In depression, which afflicts about 3.5% of the population, there appears to be abnormal excess or inhibition of signals that control mood, thoughts, pain, and other sensations. Depression is treated with antidepressants that affect norepinephrine and serotonin in the brain. The antidepressants help correct the abnormal neurotransmitter activity. A newer drug, fluoxetine (Prozac), is a selective serotonin reuptake inhibitor (SSRI) that appears to establish the level of serotonin required to function at a normal level. As the name implies, the drug inhibits the re-uptake of serotonin neurotransmitter from synaptic gaps, thus increasing neurotransmitter action. In the brain, then, the increased serotonin activity alleviates depressive symptoms.

Alzheimer's disease:

Alzheimer's disease , which affects an estimated four million Americans, is characterized by memory loss and the eventual inability for self-care. The disease seems to be caused by a loss of cells that secrete acetylcholine in the basal forebrain (region of brain that is the control center for sensory and associative information processing and motor activities). Some medications to alleviate the symptoms have been developed, but presently there is no known treatment for the disease.

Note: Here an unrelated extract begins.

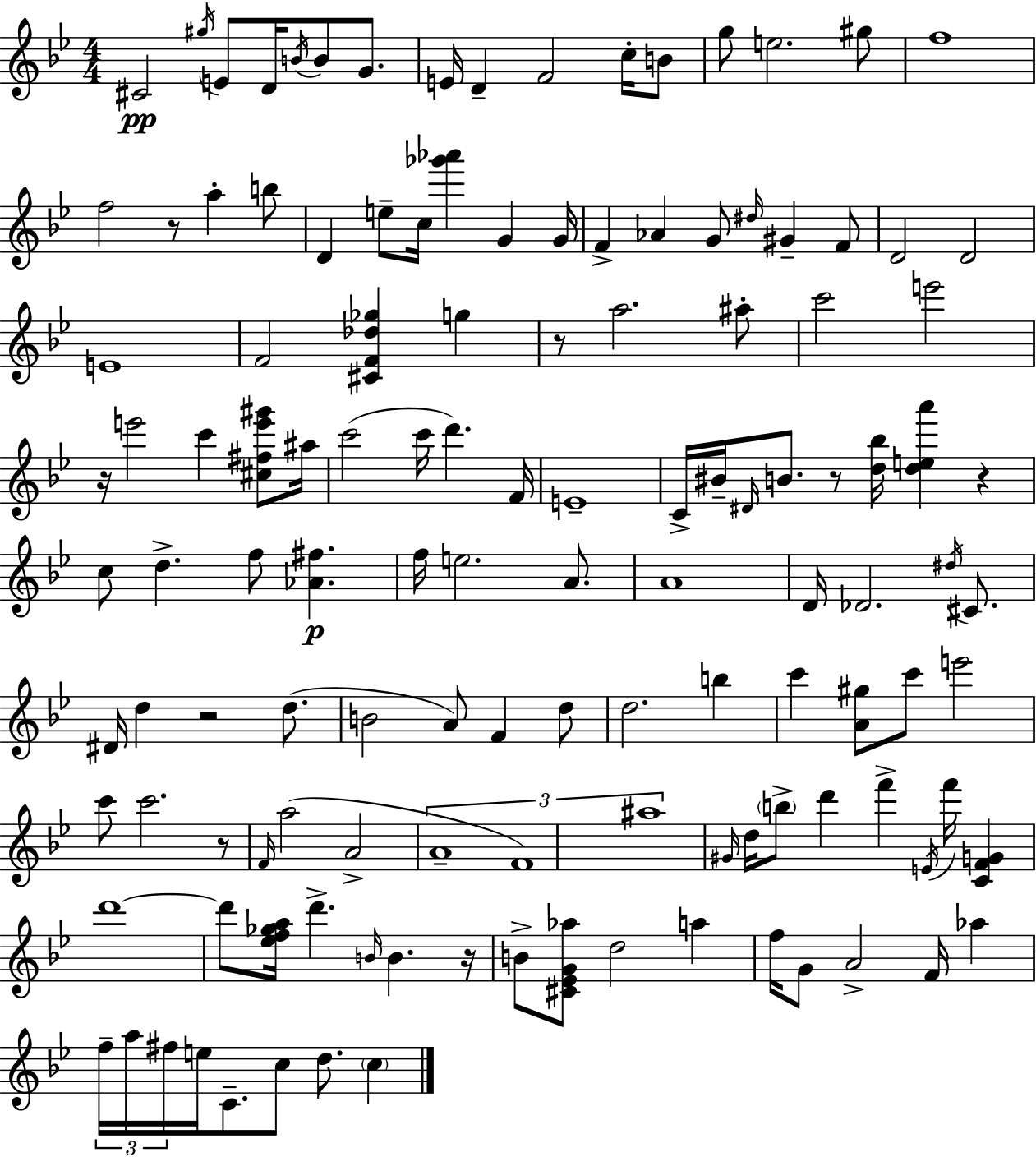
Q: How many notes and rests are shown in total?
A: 128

Generalized anxiety disorder:

People with generalized anxiety disorder (GAD) experience excessive worry that causes problems at work and in the maintenance of daily responsibilities. Evidence suggests that GAD involves  several neurotransmitter systems in the brain, including norepinephrine and serotonin.

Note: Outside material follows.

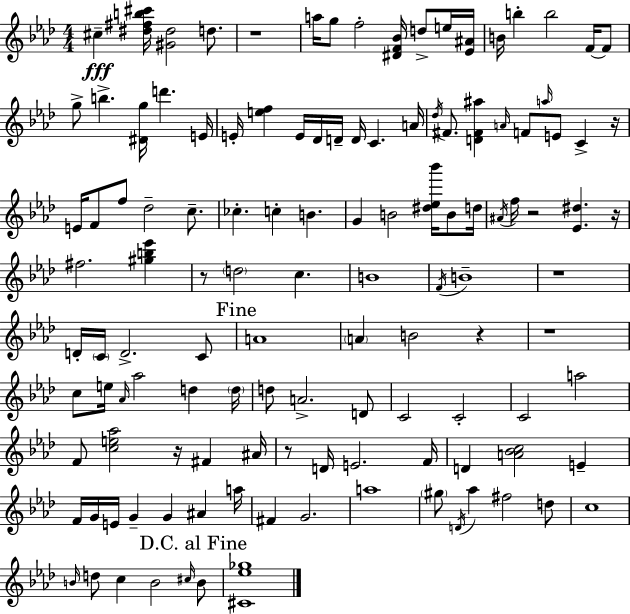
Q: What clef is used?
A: treble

Attention-deficit/hyperactivity disorder:

People affected by attention-deficit/hyperactivity disorder (ADHD) experience difficulties in the areas of attention, overactivity, impulse control, and distractibility. Research shows that dopamine and norepinephrine imbalances are strongly implicated in causing ADHD.

Others

Substantial research evidence also suggests a correlation of neurotransmitter imbalance with disorders such as borderline personality disorders ,schizotypal personality disorder , avoidant personality disorder , social phobia , histrionic personality disorder , and somatization disorder .

Drug addictions:

Cocaine and crack cocaine are psychostimulants that affect neurons containing dopamine in the areas of the brain known as the limbic and frontal cortex. When cocaine is used, it generates a feeling of confidence and power. However, when large amounts are taken, people "crash" and suffer from physical and emotional exhaustion as well as depression.

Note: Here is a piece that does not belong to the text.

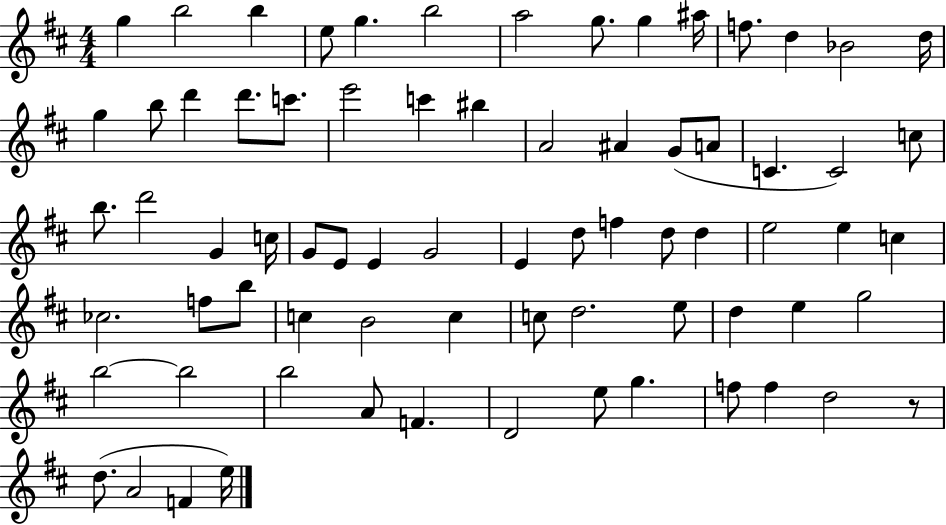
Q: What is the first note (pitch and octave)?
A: G5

Opiates, such as heroin and morphine, appear to mimic naturally occurring peptide substances in the brain that act as neurotransmitters with opiate activity called endorphins. Natural endorphins of the brain act to kill pain, cause sensations of pleasure, and cause sleepiness. Endorphins released with extensive aerobic exercise, for example, are responsible for the "rush" that long-distance runners experience. It is believed that morphine and heroin combine with the endorphin receptors in the brain, resulting in reduced natural endorphin production. As a result, the drugs are needed to replace the naturally produced endorphins and addiction occurs. Attempts to counteract the effects of the drugs involve using medications that mimic them, such as nalorphine, naloxone, and naltrexone .

Alcohol is one of the depressant drugs in widest use, and is believed to cause its effects by interacting with the GABA receptor. Initially anxiety is controlled, but greater amounts reduce muscle control and delay reaction time due to impaired thinking.